• Wed. Dec 7th, 2022



Data, technology crucial for new normal, LIBOR transition

LIBOR is critical to trillions of dollars of flow across financial products globally, including in Asia. In the region, it is used for a wide range of financial products and valuations across different markets including loans, mortgages, securitisation and derivatives. Bloomberg data shows Asian companies have at least USD 600 billion of outstanding USD LIBOR linked loans and bonds, about two-thirds of which mature after the date at which LIBOR will be discontinued.

The transition from LIBOR to risk free rates (RFRs), which are overnight reference rates with a liquid underlying market, has been fragmented across Asia. While the European Union has a centralized regional rulebook, Asia currently does not.

In developed markets such as Japan, Hong Kong and Singapore, clear, consistent, proactive regulatory engagement may have driven banks to move away from LIBOR much more quickly than their regional peers. Bloomberg Intelligence analysis has shown that markets such as Malaysia and Indonesia have not received the same degree of regulatory guidance, potentially exposing them to higher legal risks and loss of regional market share. The Monetary Authority of Singapore (MAS) has issued the inaugural Singapore Overnight Rate Average (SORA) floating rate notes and will shortly start publishing compounded SORA indices.

Some would argue however, that the transition is not happening as fast as it should. As of June 2020, Bloomberg data shows that only two products linked to SOFR have been issued by the Bank of China and the Asia Development Bank so far.

In fact, a survey by the Hong Kong Monetary Authority (HKMA) conducted in Q4 2019 revealed that fewer than half of banks have quantified their LIBOR exposures, and only 38% have a bank-wide transition plan in place. In Japan, a regulators’ survey in March 2020 showed that banks are still in the early stages of preparation such as identifying which IT systems need upgrading.
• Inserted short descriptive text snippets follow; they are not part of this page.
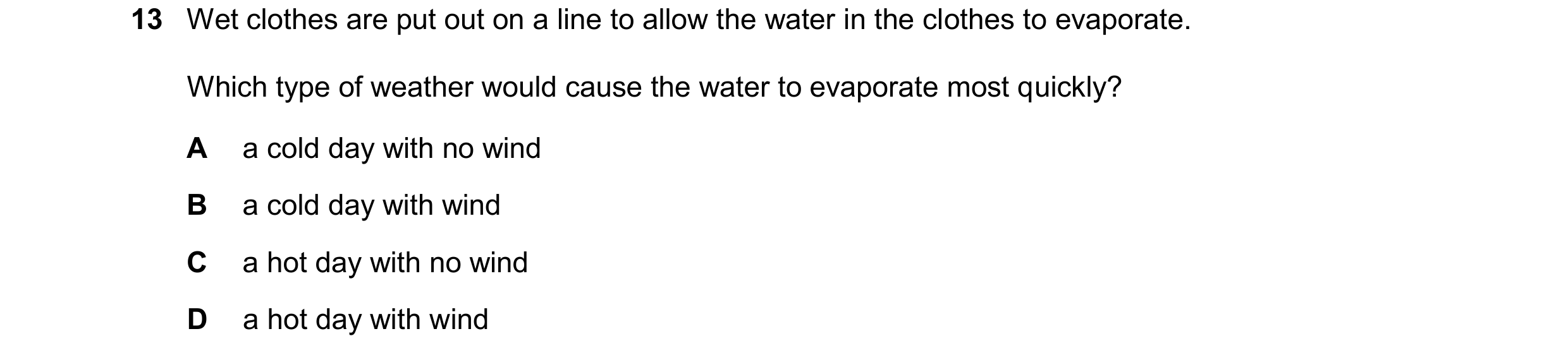Question 40: Wet clothes are put out on a line to allow the water in the clothes to evaporate. Which type of weather would cause the water to evaporate …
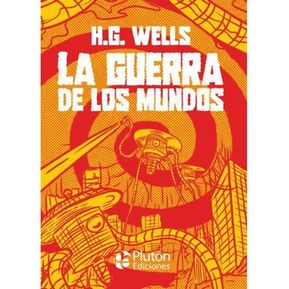 La Guerra de los Mundos: (Platino Clásicos Ilustrados)   	H.G. Wells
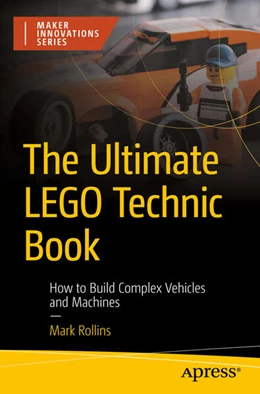 Abbildung von Rollins | The Ultimate LEGO Technic Book | 1. Auflage | 2024 | beck-shop.de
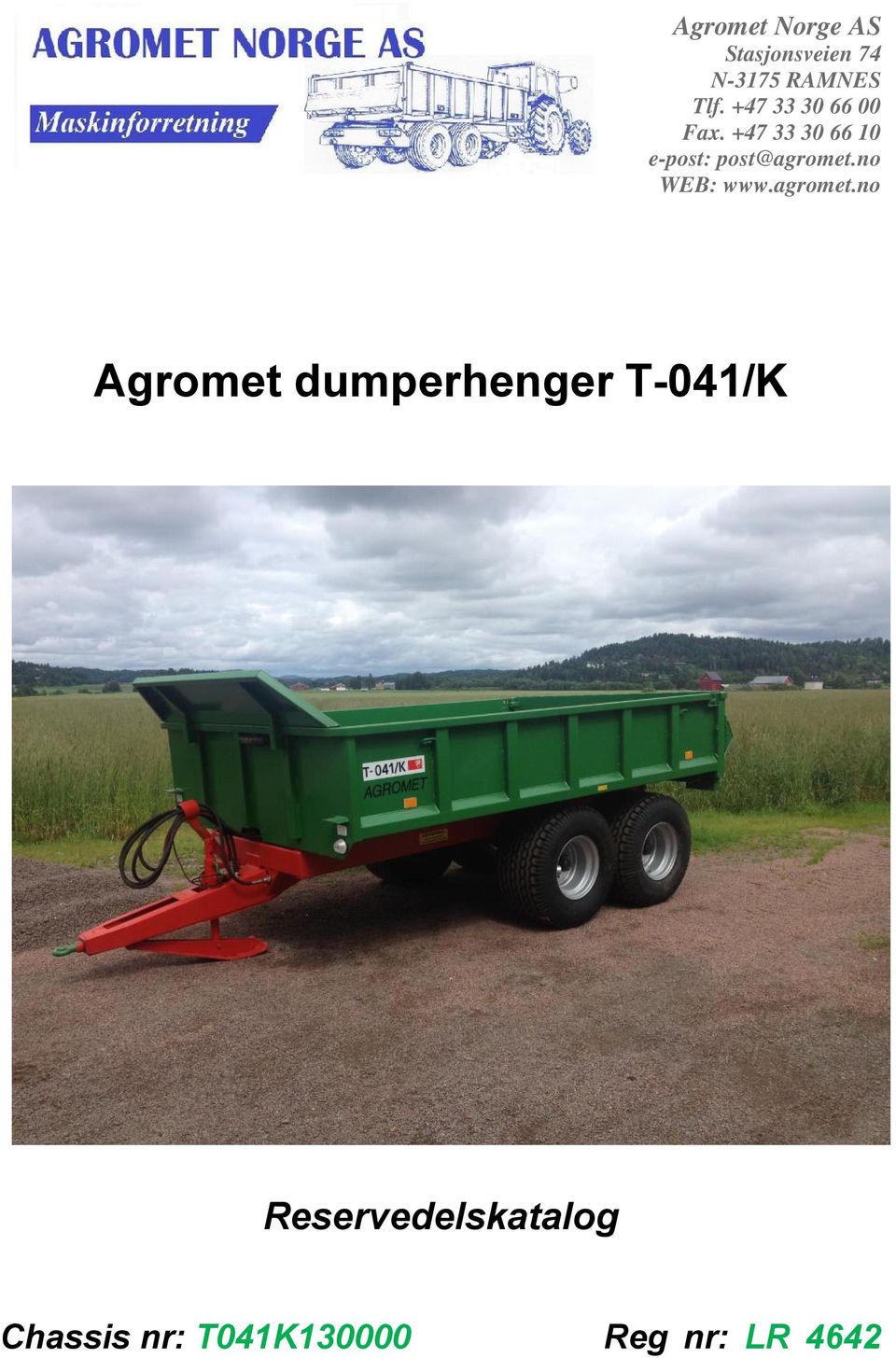 +47 33 30 66 10 e-post: post@agromet.no WEB: www.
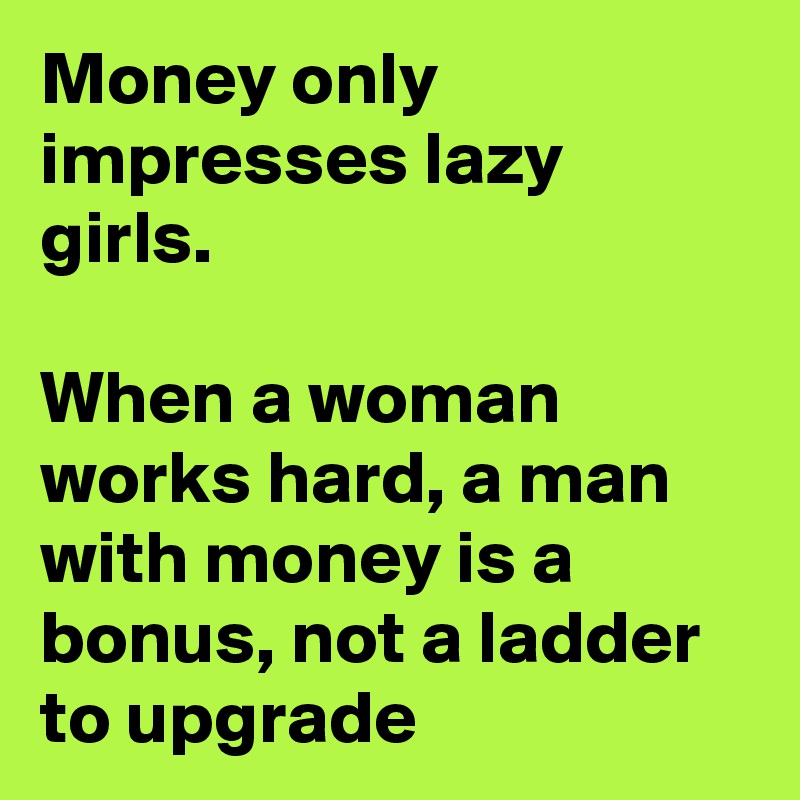 Money only impresses lazy girls.

When a woman works hard, a man with money is a bonus, not a ladder to upgrade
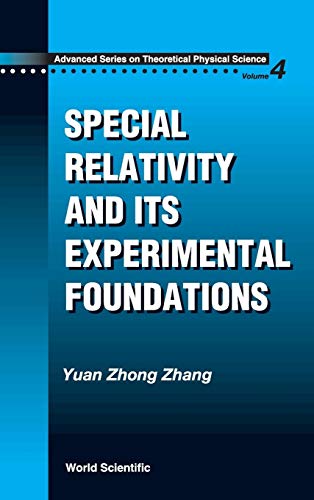 9789810227494: SPECIAL RELATIVITY AND ITS EXPERIMENTAL FOUNDATION: 4 (Advanced Series On Theoretical Physical Science)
While jurisdictions around the world have identified alternative RFRs – SOFR in the United States, SONIA in the UK, SORA for Singapore, AIOR in Malaysia, INDONIA for Indonesia, and Japan’s TONA, for example – financial services firms face the daunting task of needing to reconfigure major elements of their market data management to be ready for the transition, including daily reset mechanisms, compounding calculations, generation of forward curves and new or altered risk management systems.

Many jurisdictions will likely adopt a multiple rate approach with, for example, cash and derivatives referencing different benchmarks. Those dealing with multiple currencies will face fragmented scenarios. Firms will need data for new interest rate curves to be built and analytics to help to re-paper or amend transactions before fallbacks are triggered.